-- Input follows --

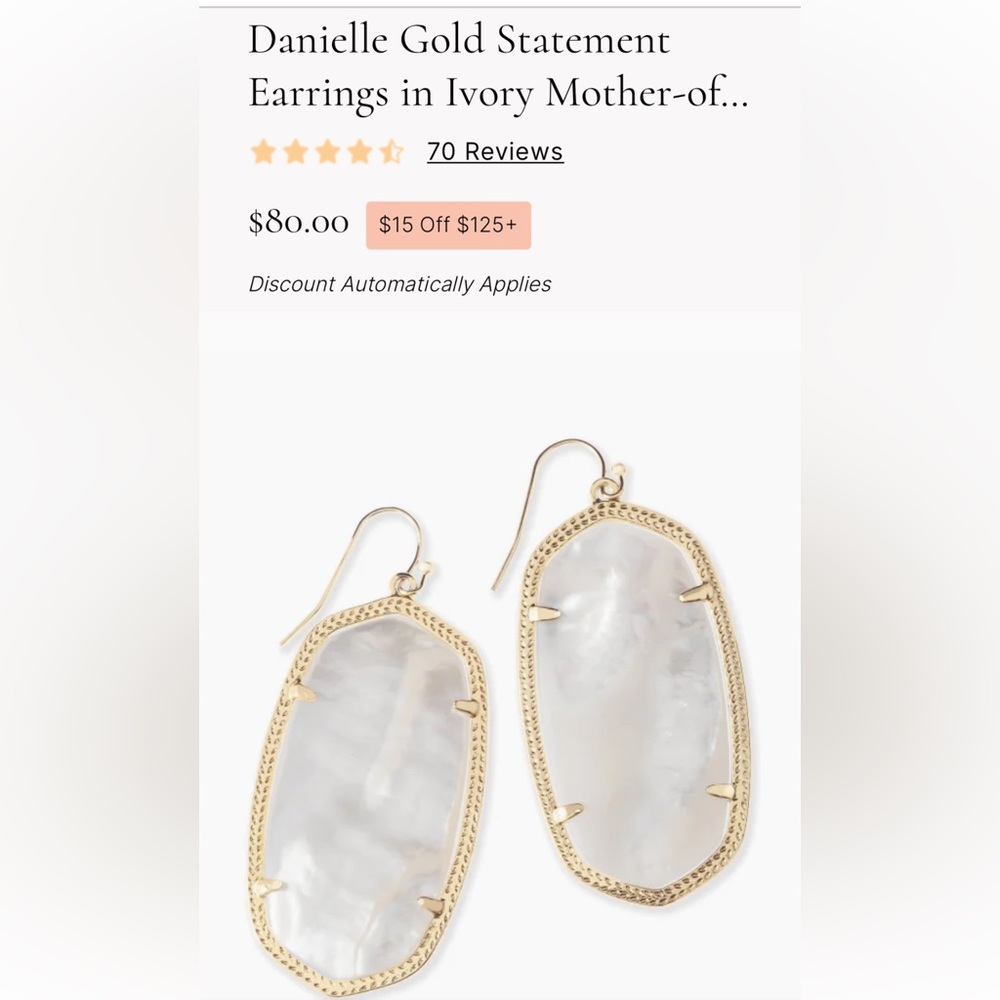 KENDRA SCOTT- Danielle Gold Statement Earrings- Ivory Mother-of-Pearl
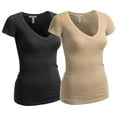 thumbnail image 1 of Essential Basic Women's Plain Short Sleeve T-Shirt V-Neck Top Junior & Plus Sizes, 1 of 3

-- Input concluded --
-- Input follows --

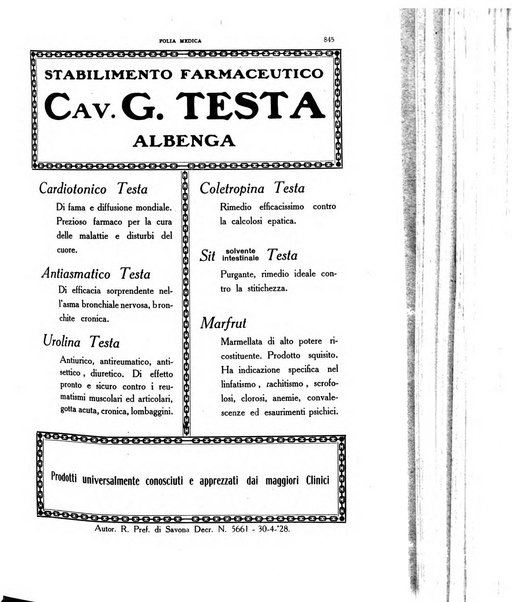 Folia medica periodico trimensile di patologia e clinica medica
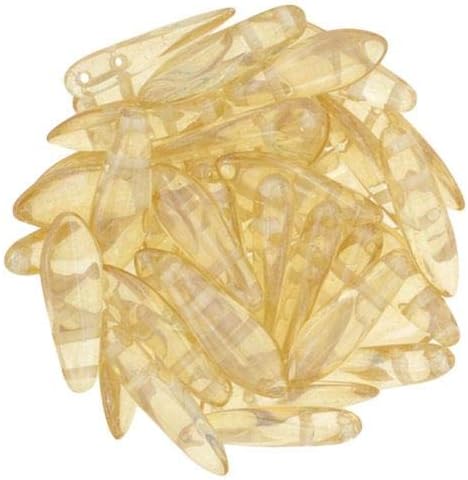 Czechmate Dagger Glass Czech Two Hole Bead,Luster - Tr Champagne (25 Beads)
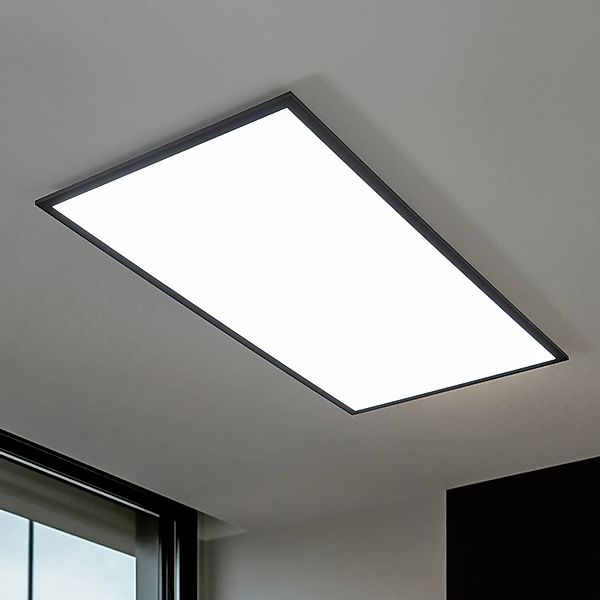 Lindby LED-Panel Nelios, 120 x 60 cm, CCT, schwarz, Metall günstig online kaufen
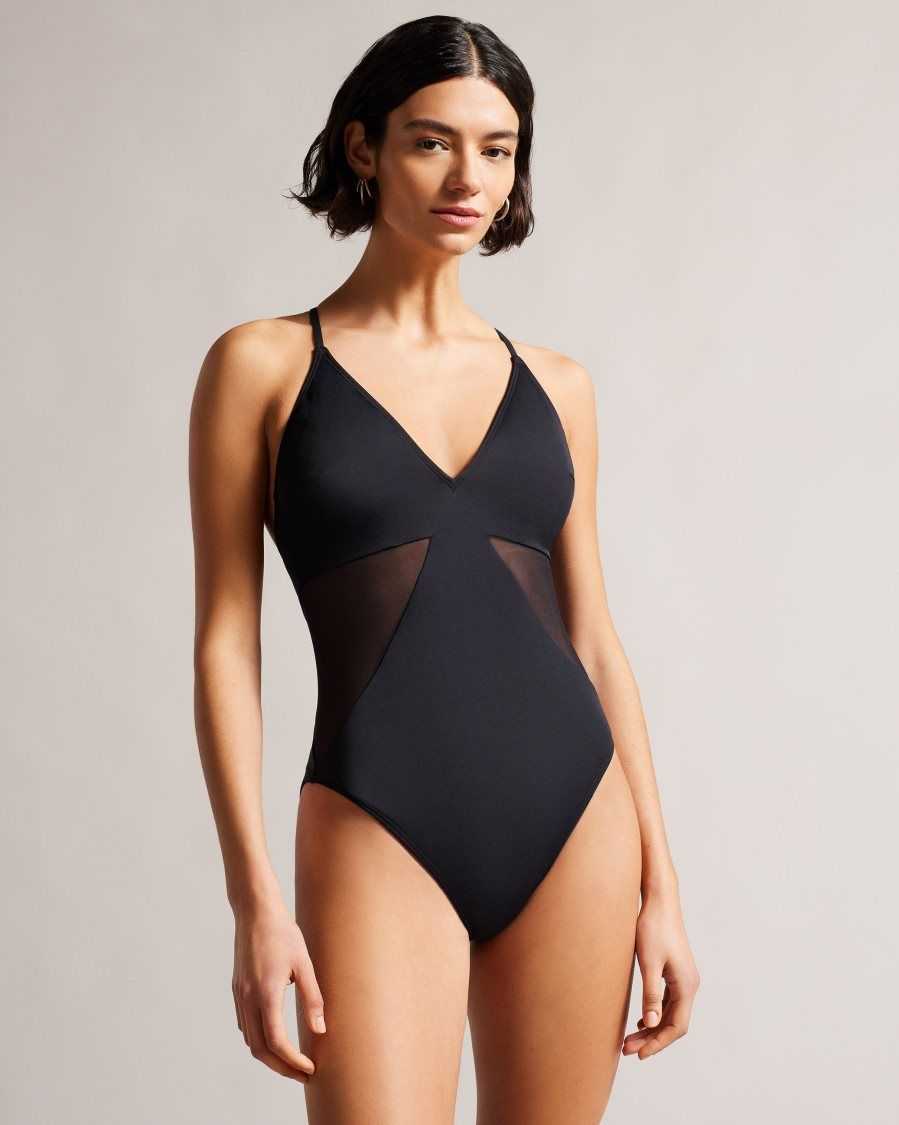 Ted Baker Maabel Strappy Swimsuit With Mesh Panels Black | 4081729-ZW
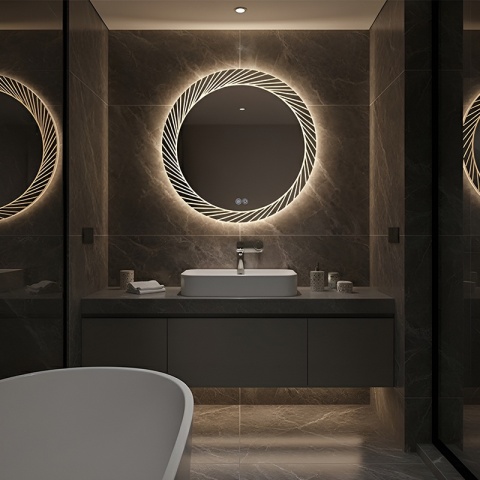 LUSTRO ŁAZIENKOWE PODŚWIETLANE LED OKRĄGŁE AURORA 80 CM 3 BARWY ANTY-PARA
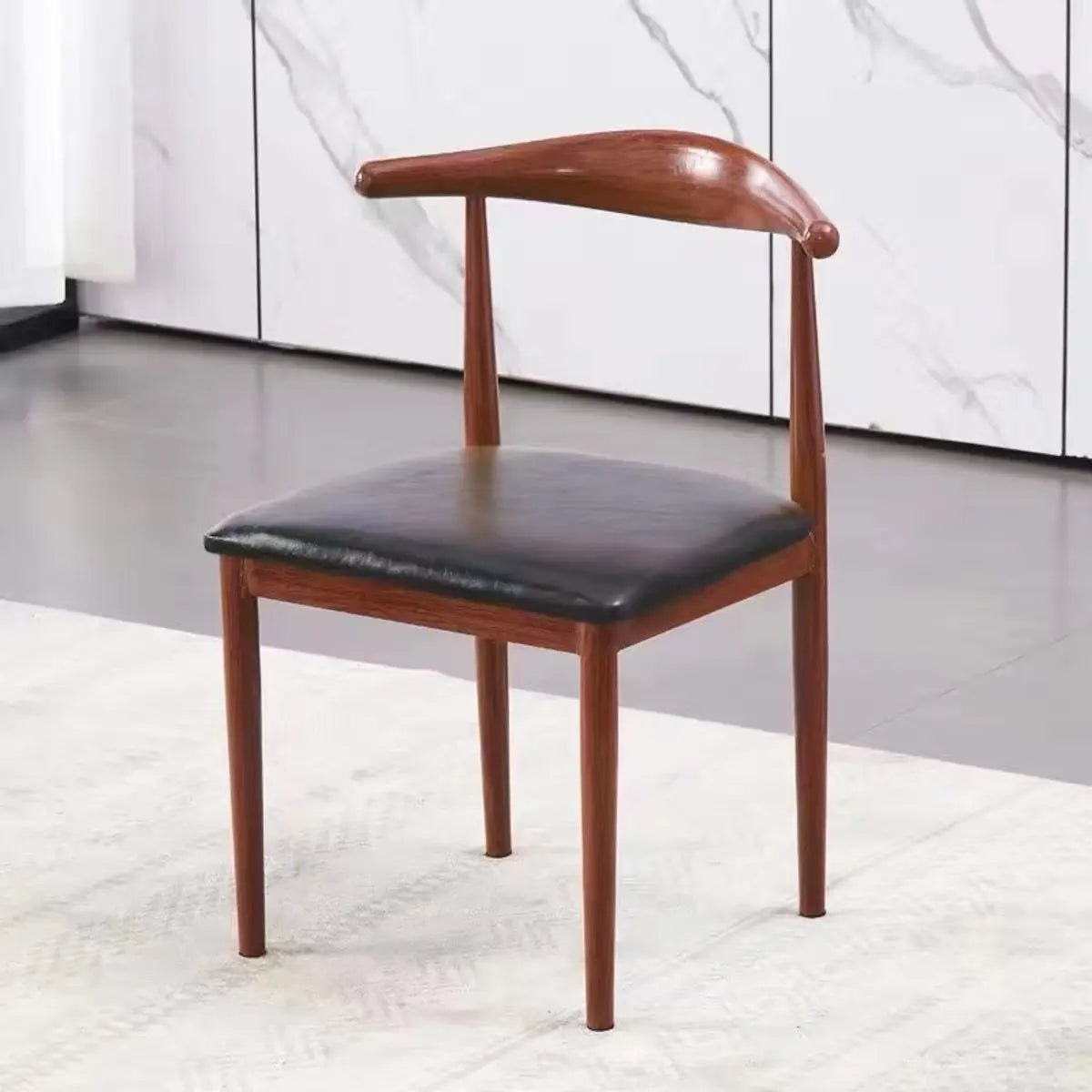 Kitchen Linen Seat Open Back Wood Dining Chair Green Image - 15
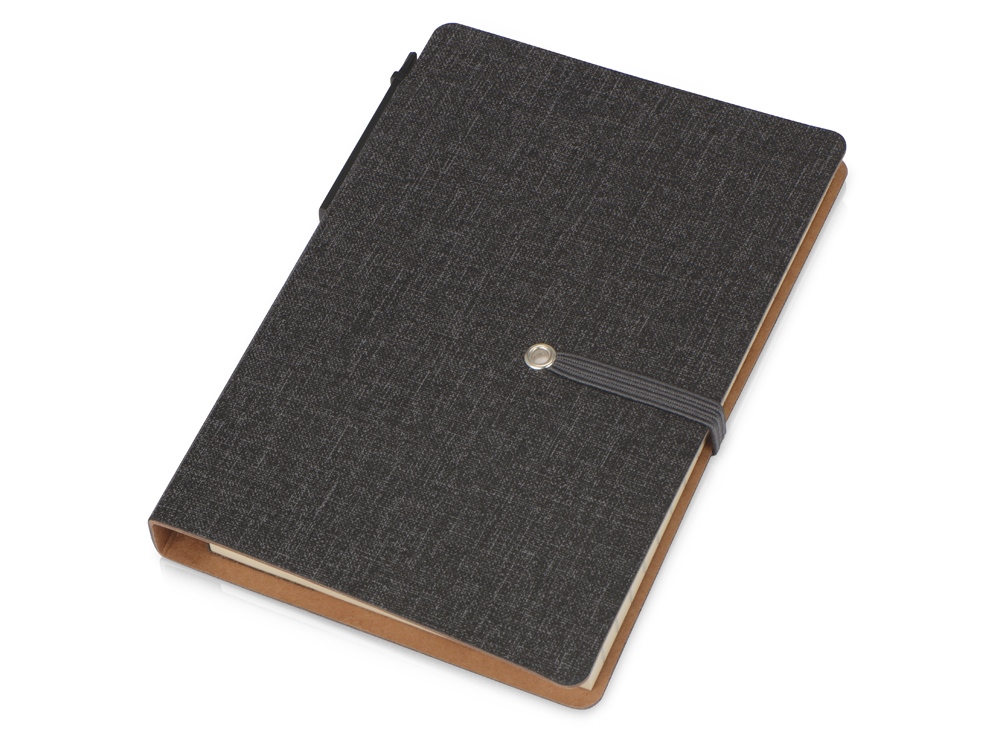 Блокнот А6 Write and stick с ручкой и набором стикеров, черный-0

-- Input concluded --
-- Input follows --

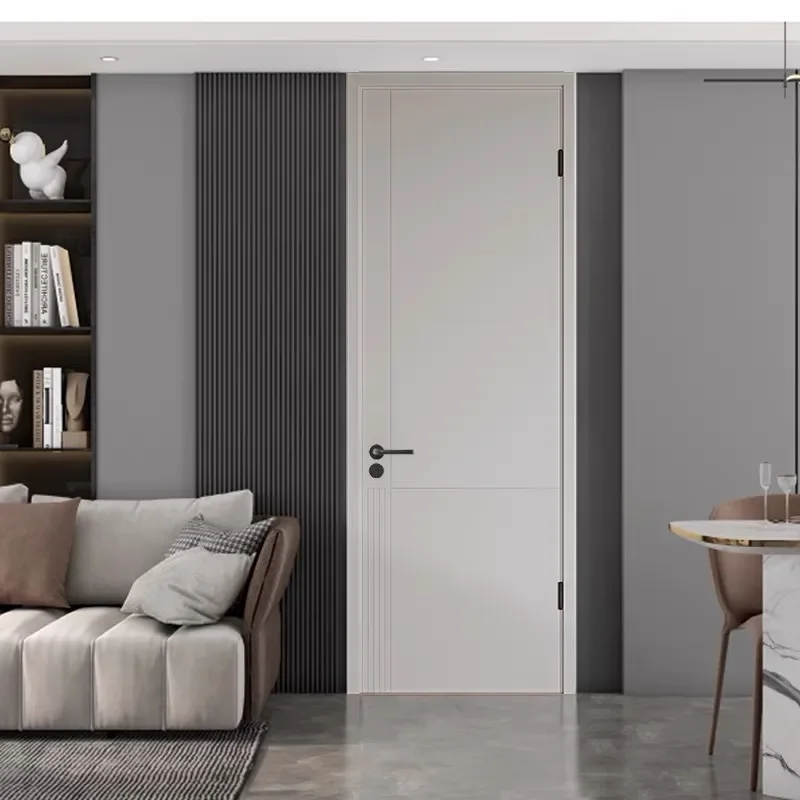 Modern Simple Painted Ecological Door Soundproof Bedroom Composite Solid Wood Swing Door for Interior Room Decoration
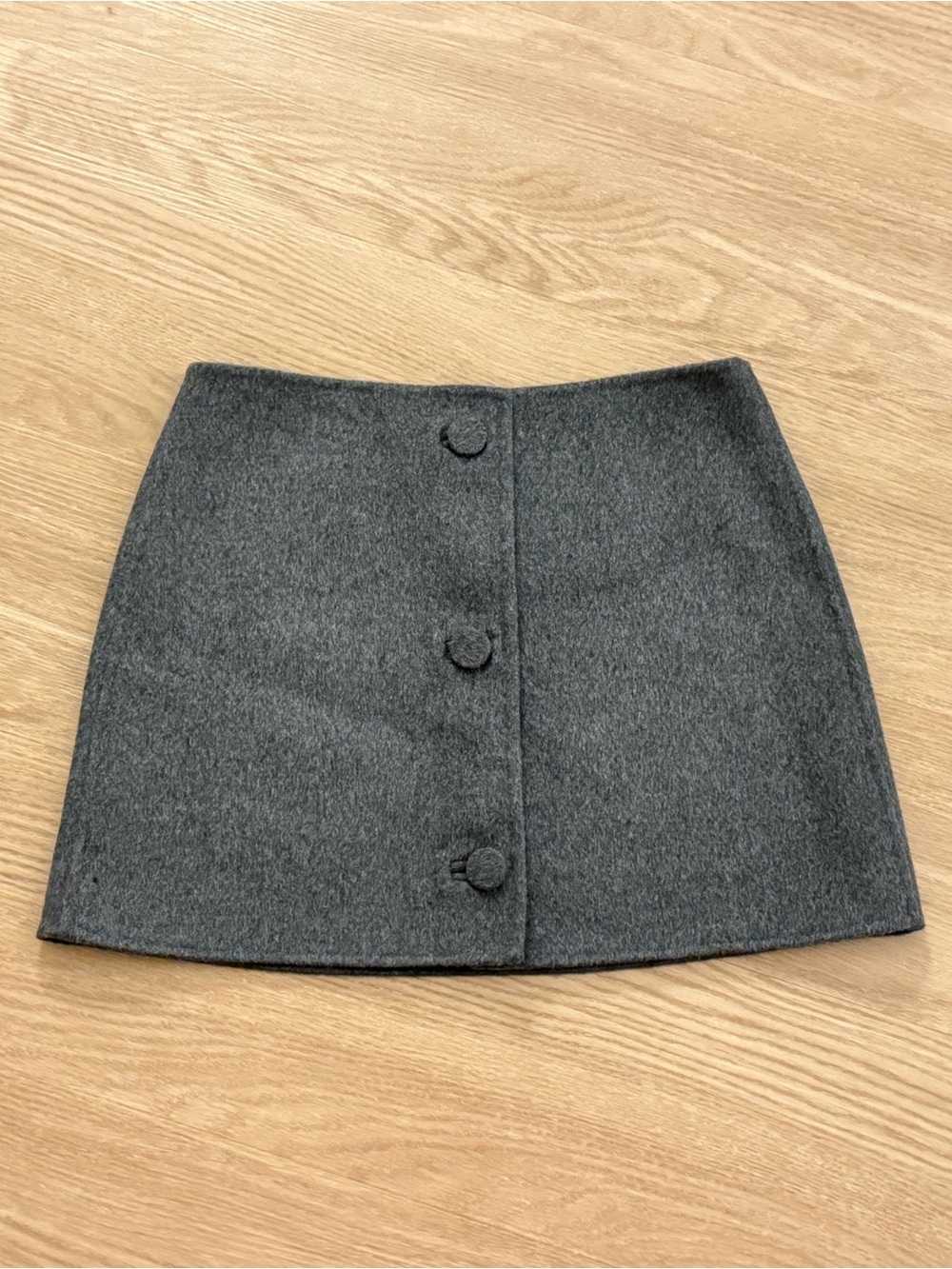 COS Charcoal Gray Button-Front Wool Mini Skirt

-- Input concluded --

▸ Directions: Could you transcribe exactly the entries above, but only the lines from the one with "LUSTRO ŁAZIENKOWE PODŚWIETLANE" through the one with "Блокнот А6 Write", and without pictures?

▸ Answer to this problem:
 LUSTRO ŁAZIENKOWE PODŚWIETLANE LED OKRĄGŁE AURORA 80 CM 3 BARWY ANTY-PARA
 Kitchen Linen Seat Open Back Wood Dining Chair Green Image - 15
 Блокнот А6 Write and stick с ручкой и набором стикеров, черный-0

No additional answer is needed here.